→ Exercise description: Could you repeat every line below exactly, skipping the images?

Short web captions
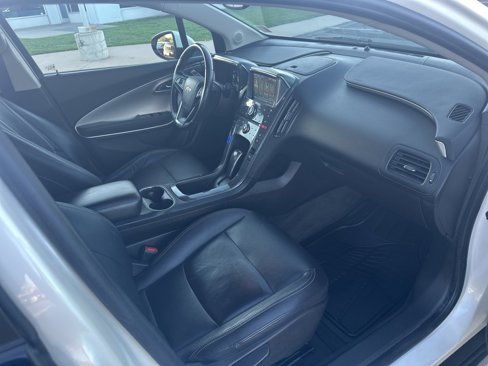 Used 2013 Chevrolet Volt Premium w/ Premium Trim Package image 22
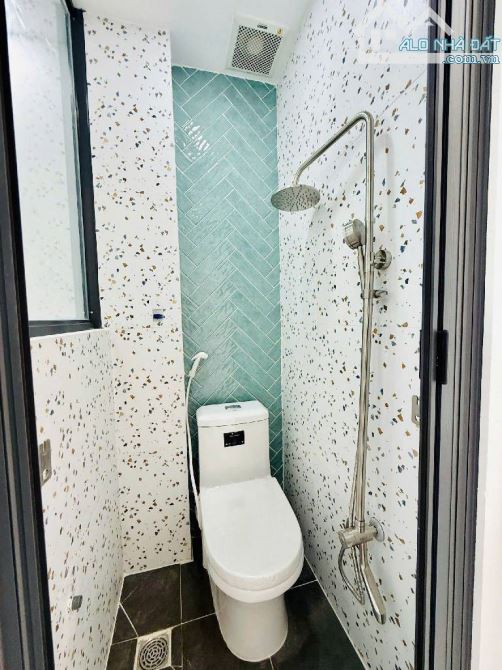 BÁN NHÀ NGUYỄN THỊ TẦN , QUẬN 8, SÁT CHỢ RẠCH ÔNG ,DTSD 32M2,HOÀN CÔNG ĐỦ ,NHỈNH2 TỶ. - 2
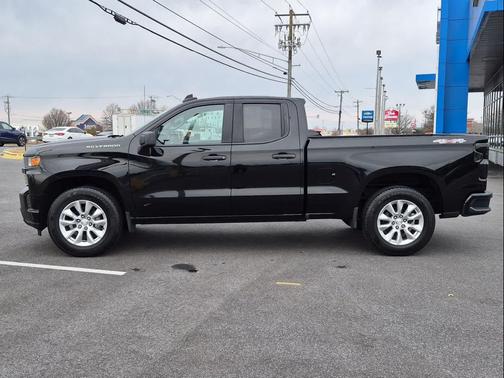 2020 Chevrolet Silverado 1500 Custom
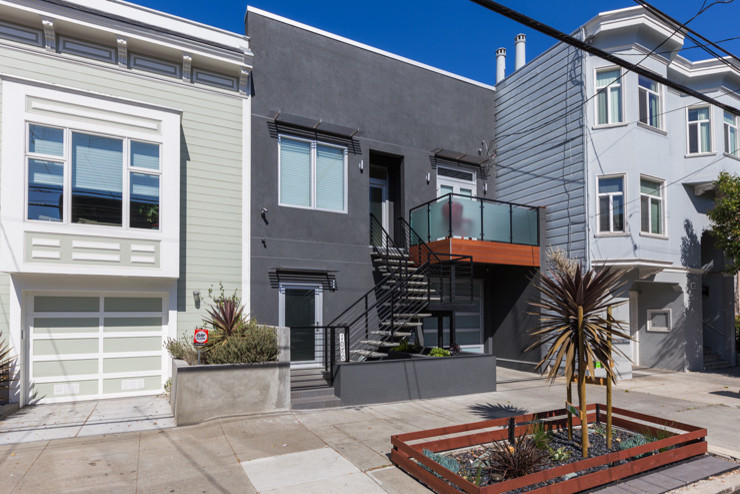 Großes, Zweistöckiges Modernes Haus mit Betonfassade, grauer Fassadenfarbe und Flachdach in San Francisco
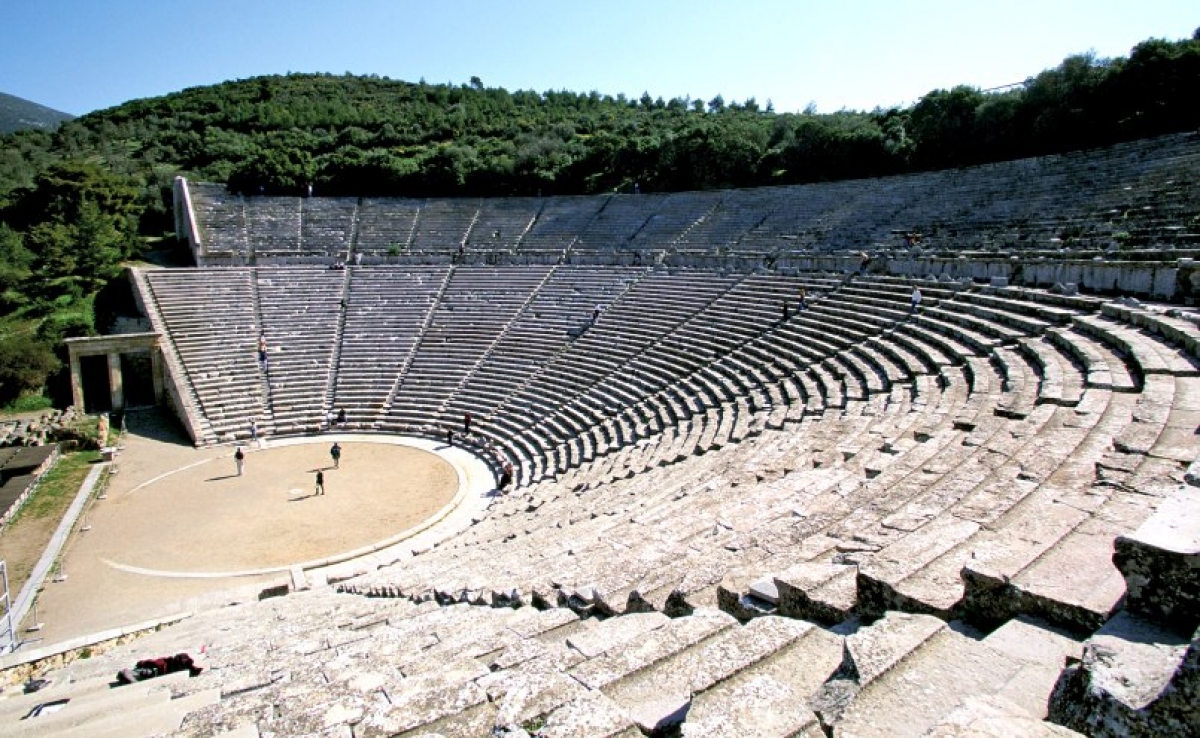 Weekend &sigma;&tau;&eta;&nu; &Epsilon;&pi;ί&delta;&alpha;&upsilon;&rho;&omicron;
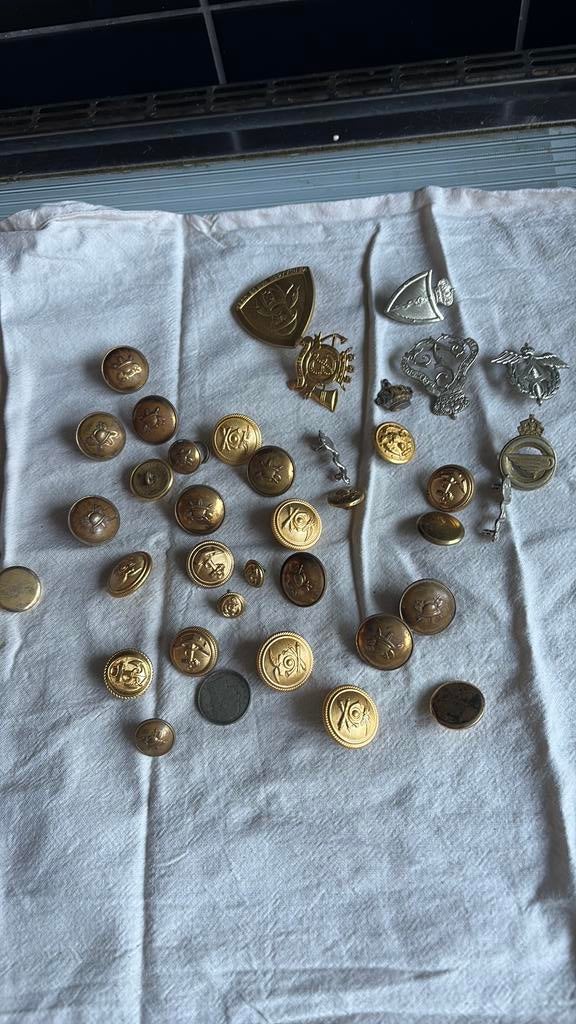 Oude knopen en badges militaria, Verzamelen, Ophalen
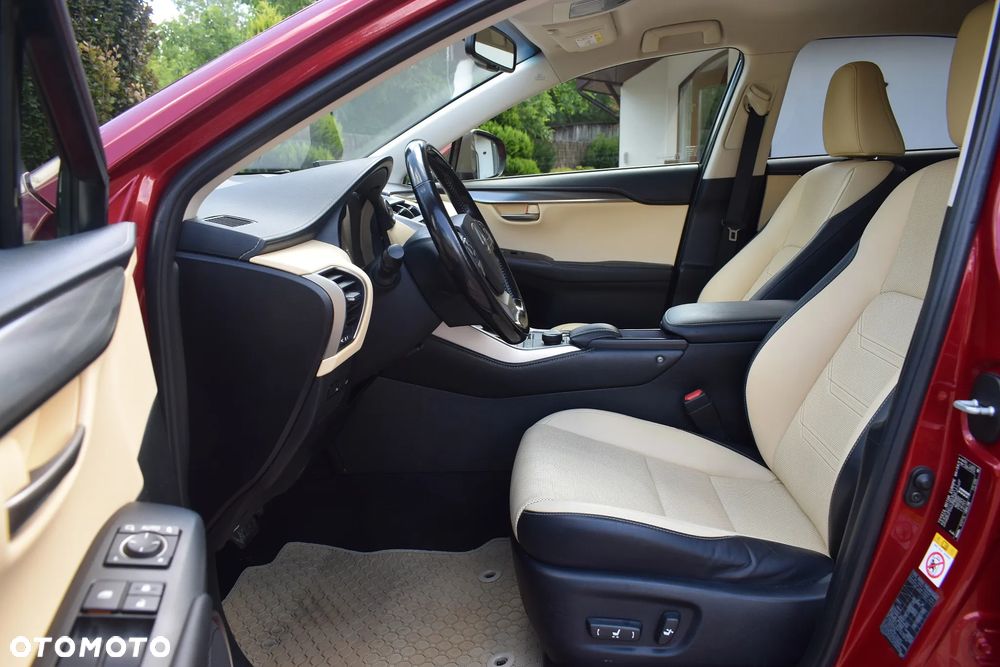 Lexus NX 300h Executive Line - 6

→ Written solution:
 Used 2013 Chevrolet Volt Premium w/ Premium Trim Package image 22
 BÁN NHÀ NGUYỄN THỊ TẦN , QUẬN 8, SÁT CHỢ RẠCH ÔNG ,DTSD 32M2,HOÀN CÔNG ĐỦ ,NHỈNH2 TỶ. - 2
 2020 Chevrolet Silverado 1500 Custom
 Großes, Zweistöckiges Modernes Haus mit Betonfassade, grauer Fassadenfarbe und Flachdach in San Francisco
 Weekend &sigma;&tau;&eta;&nu; &Epsilon;&pi;ί&delta;&alpha;&upsilon;&rho;&omicron;
 Oude knopen en badges militaria, Verzamelen, Ophalen
 Lexus NX 300h Executive Line - 6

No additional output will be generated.